Traditionally, the missing values in the dataset are filled by arithmetic mean/ mode. However, this seems too roughly to compute the missing data since it ignores the difference among the samples with missing values. A more accurate method for handling the missing values is using Random Forest (RF) which is proposed by Fei Tang and Ishwaran (2017). The RF computes the missing data considering their corresponding samples' uniqueness located by both their class labels and the correlation with other samples in the same class.
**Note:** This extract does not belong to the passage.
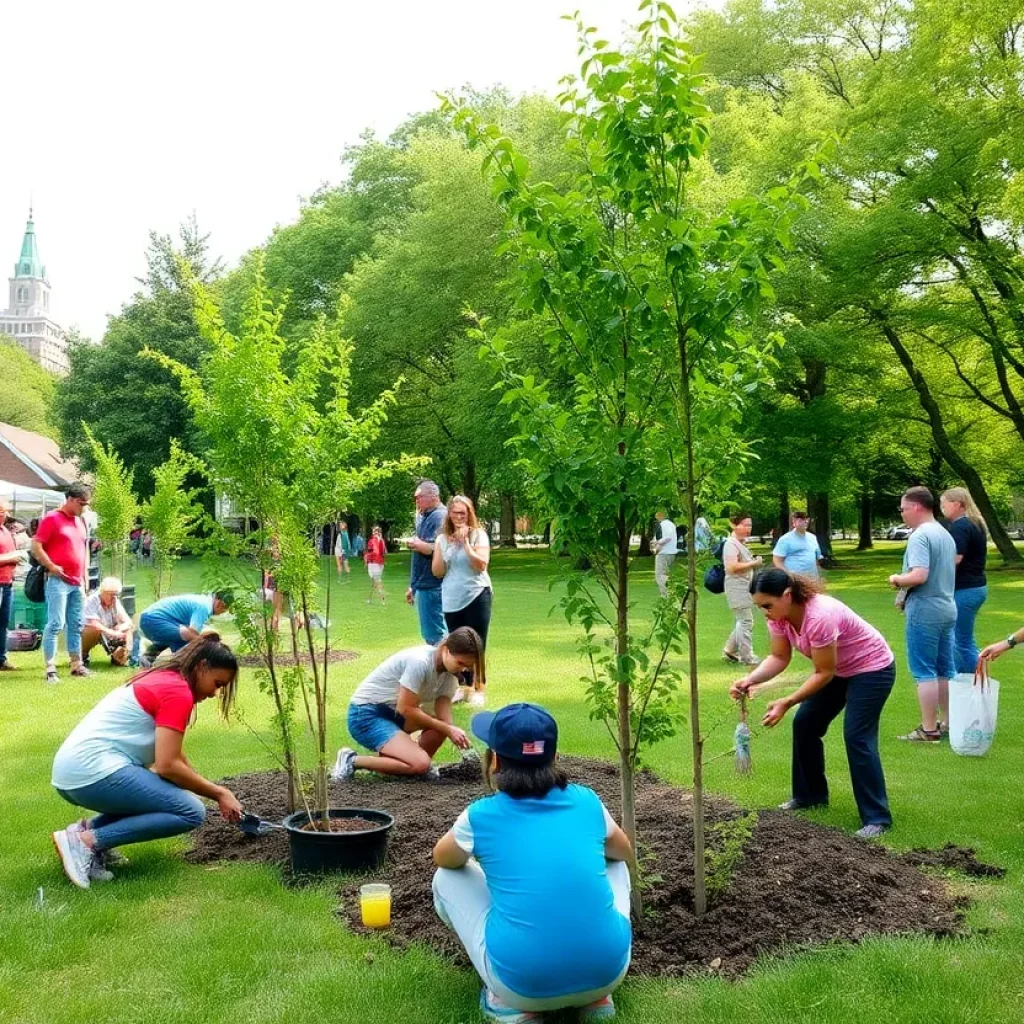 Community members celebrating Earth Month in a Philadelphia park.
Using RF for compute the missing data, you need to do the following steps:
\
-
Step1, make an initial guess of the missing data in the dataset with arithmetic mean/ mode.
-
Step2, using the dataset to build a RF.
-
Step3, apply the data samples into the RF and get the leaf indices they belong to.
-
Step4, initiate a proximity matrix with the shape of num_samples * num_samples (the total number of samples in the dataset) and the values of 0.
-
Step5, compare the samples' leaf indices pair by pair through all the samples. If there are two samples (e.g., the i-th sample and the j-th sample) are in the same leaf, update the proximity matrix by add 1 to the position of (i, j) and (j, i).
-
Step6, refine the initial guess (arithmetic mean/ mode) in the dataset with the proximity matrix. The missing data (e.g., male) of categorical type (e.g., gender) of the m-th sample should be refined by weighted frequency WF. F refers to the frequency of "male" values in the gender column, W refers to the weight of "male" regarding the samples which have the same sex values to the m-th sample. The missing data (e.g., 23) of numeric type (e.g., age) of the m-th sample should be refined by weighted average VW. V is the value of the age of the m-th sample.
-
Repeat step2 ~ 6 until the guess of the missing values do not change.
Using this python module, you need to:
Firstly complete the step1 and 3 by yourself.
Import this module and use the method Reat_Until_Converge. Pass in the dataset with the initial guess (step1 above), the leaf index of the samples in the RF.
You will get the new dataset with the guest refined and the error of the missing data to the ones in the last iteration.